* **Problem**: Omit any pictures, and restate word for word only the lines from the one with "Land fördert die Bienenzucht" through the end of the data below.

Image-text web data
━━━━━━━━━━━━━━━━━━━━━━━━━━━━━━

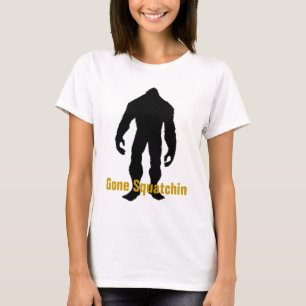T-shirt Trouvant Bigfoot - Squatchin allé par BFRO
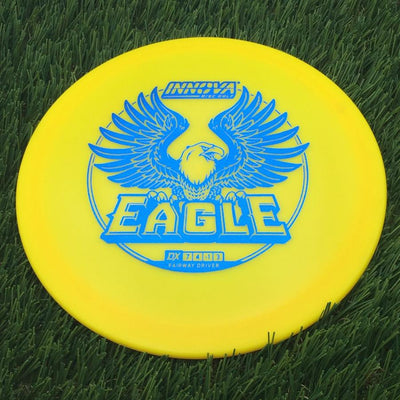 Innova DX Eagle with Burst Logo Stock Stamp- 134 Yellow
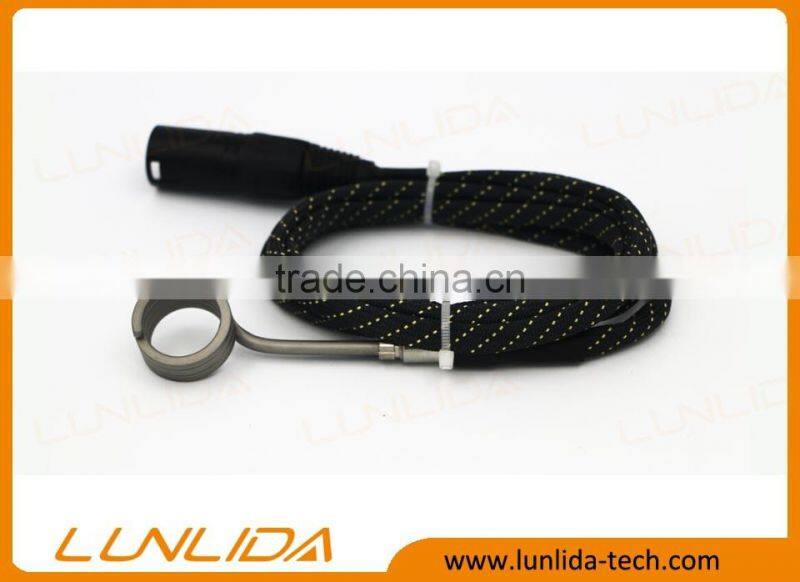 Lunlida 16mm Fiberglass Coil heater for Enail-Black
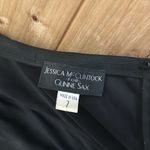 Jessica McClintock Vintage For Gunne Sax Size 7 Ruched Bodice Strapless Gown Photo 9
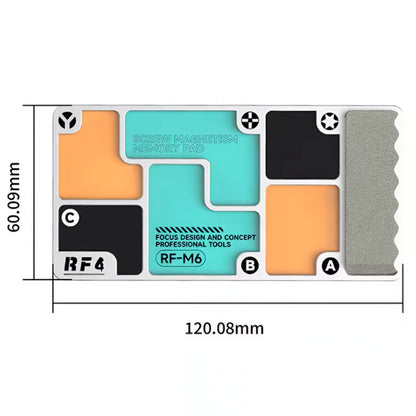 Magnetna podloga za vijke RF4 RF-M6
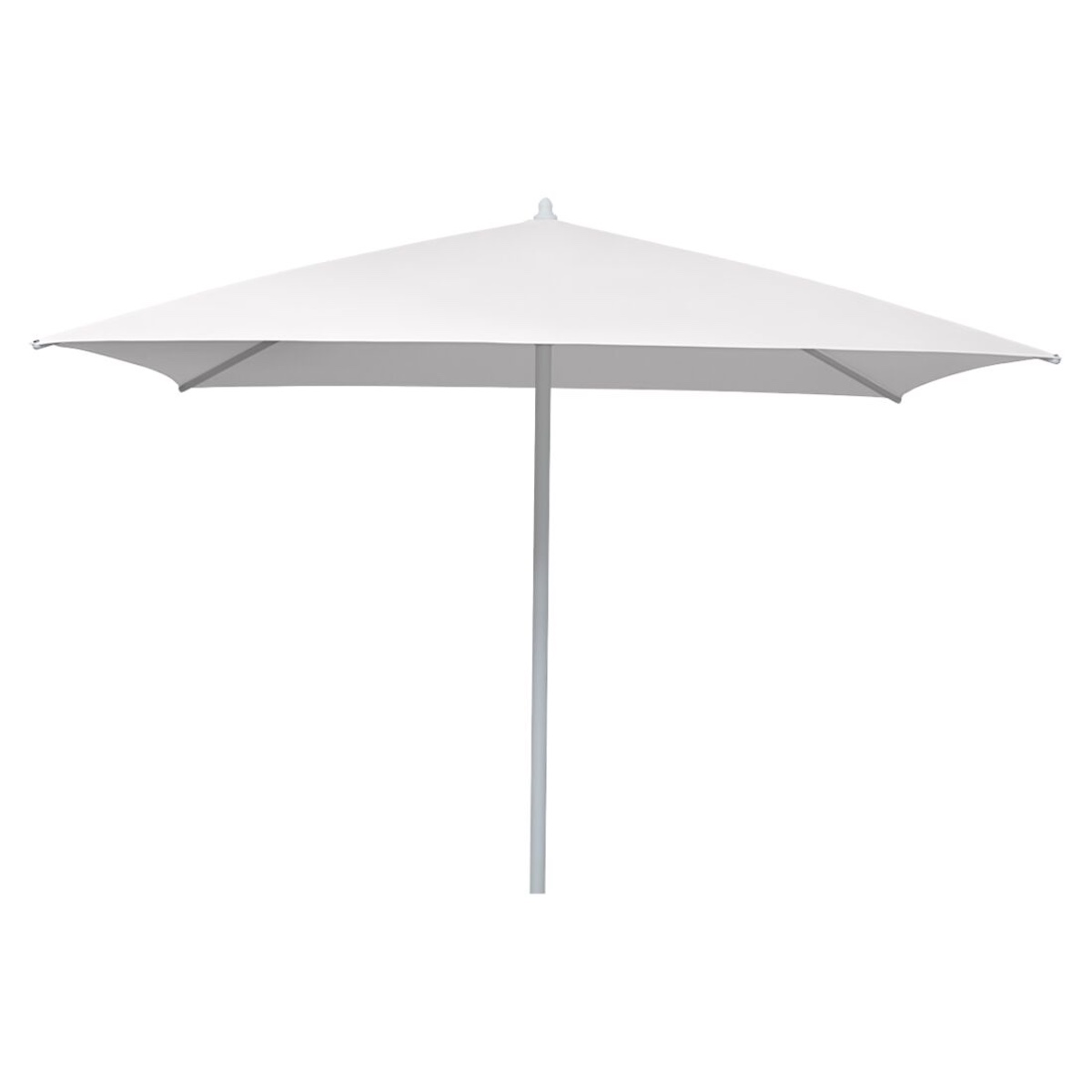 Parasol 200x200cm PAXI Vlaemynck gris métal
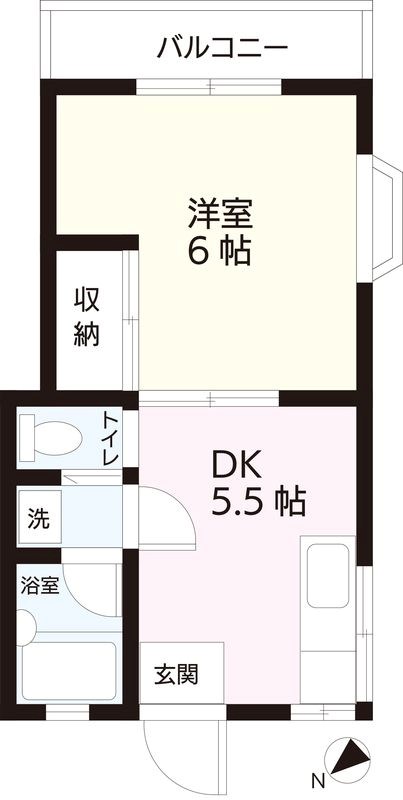 カーサ・リオ  間取り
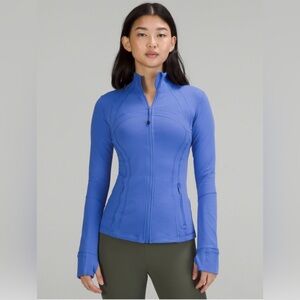 Lululemon Define Jacket *Luon in Wild Indigo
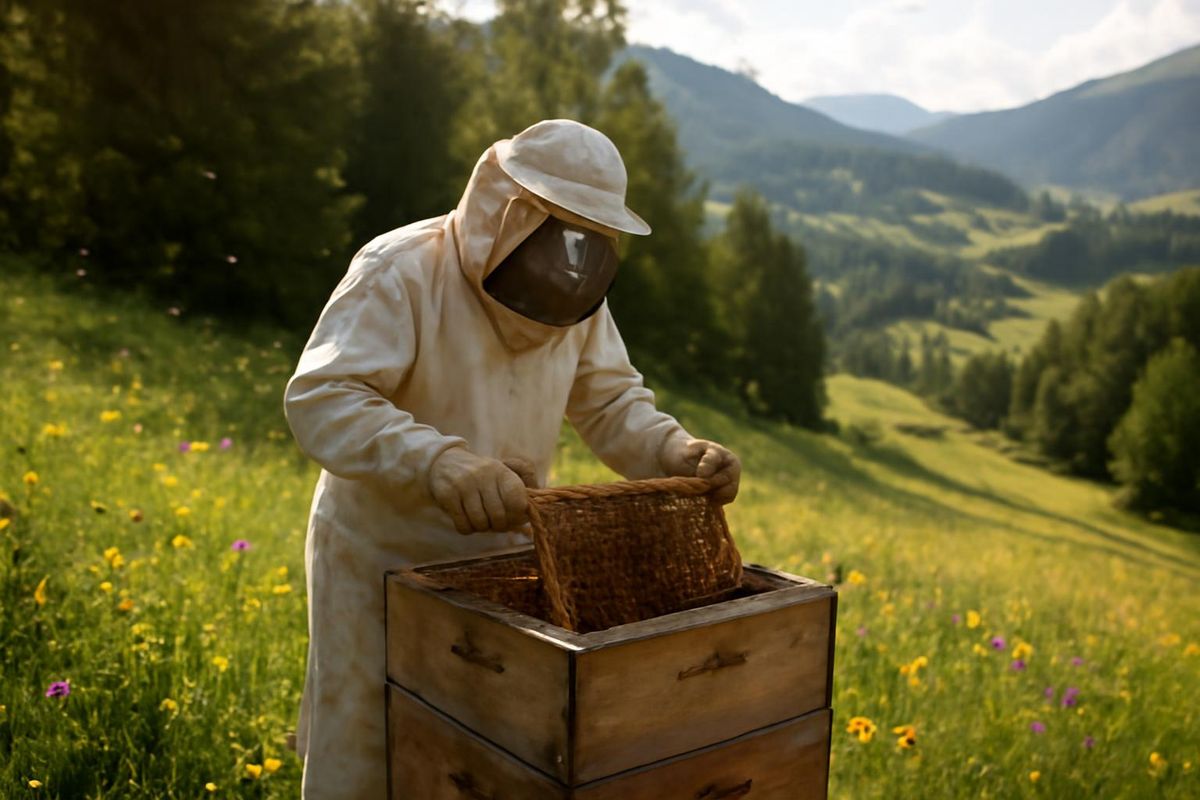Land fördert die Bienenzucht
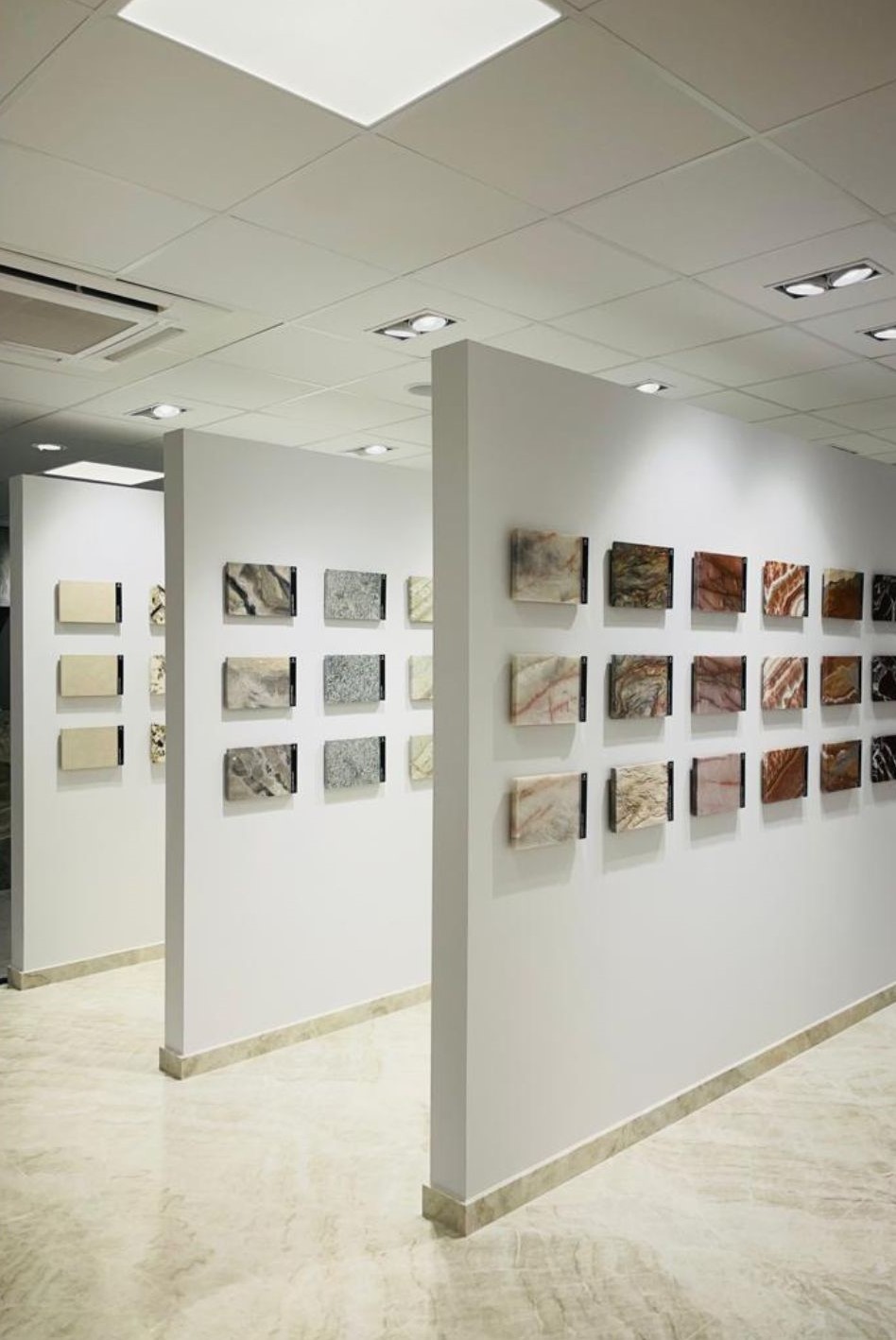 Showroom capri - stone library - imporphyre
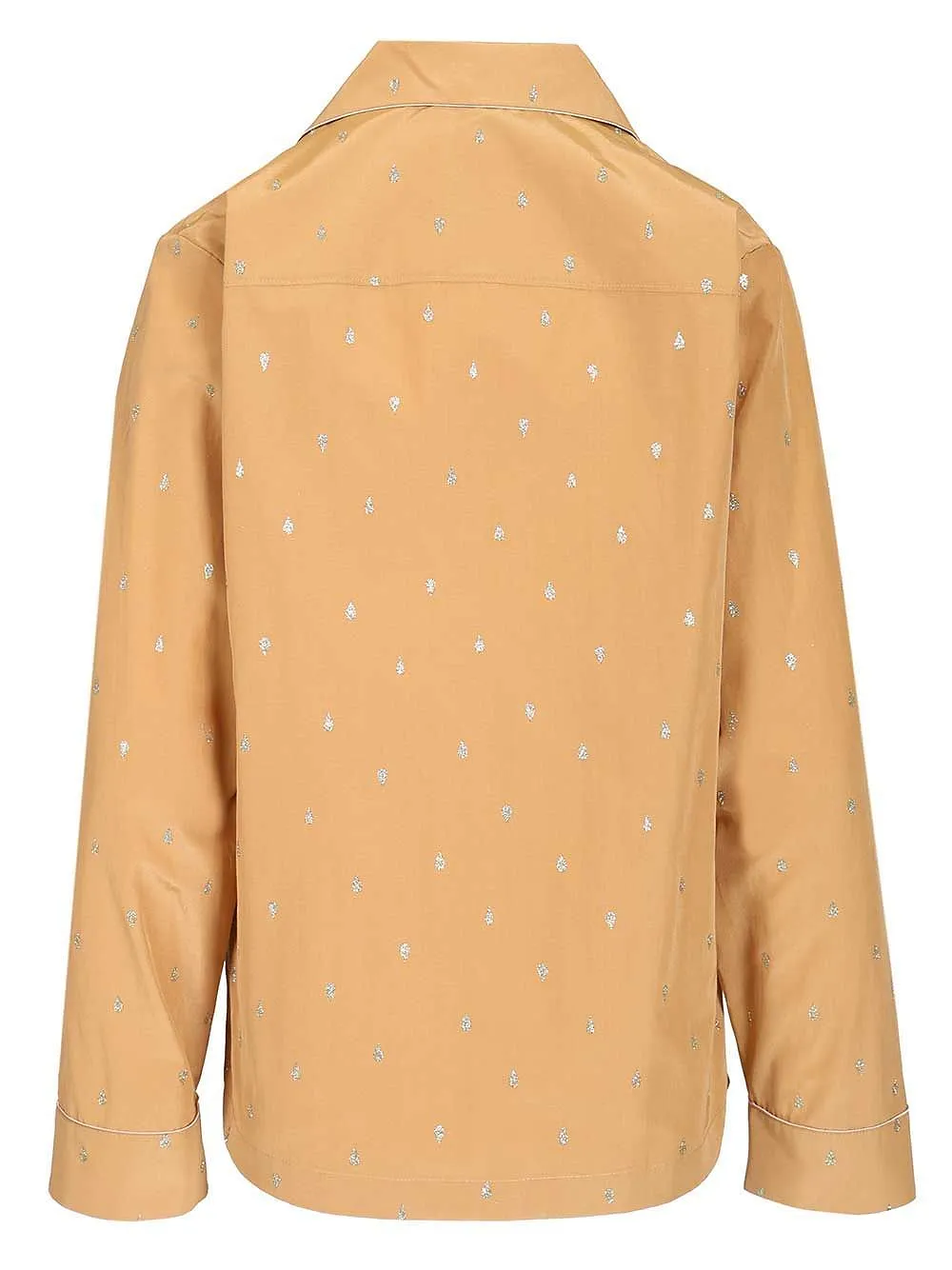 Forte Forte Glitter Taffetas Pyjama Shirt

━━━━━━━━━━━━━━━━━━━━━━━━━━━━━━

* **Response to the task**:
Land fördert die Bienenzucht
 Showroom capri - stone library - imporphyre
 Forte Forte Glitter Taffetas Pyjama Shirt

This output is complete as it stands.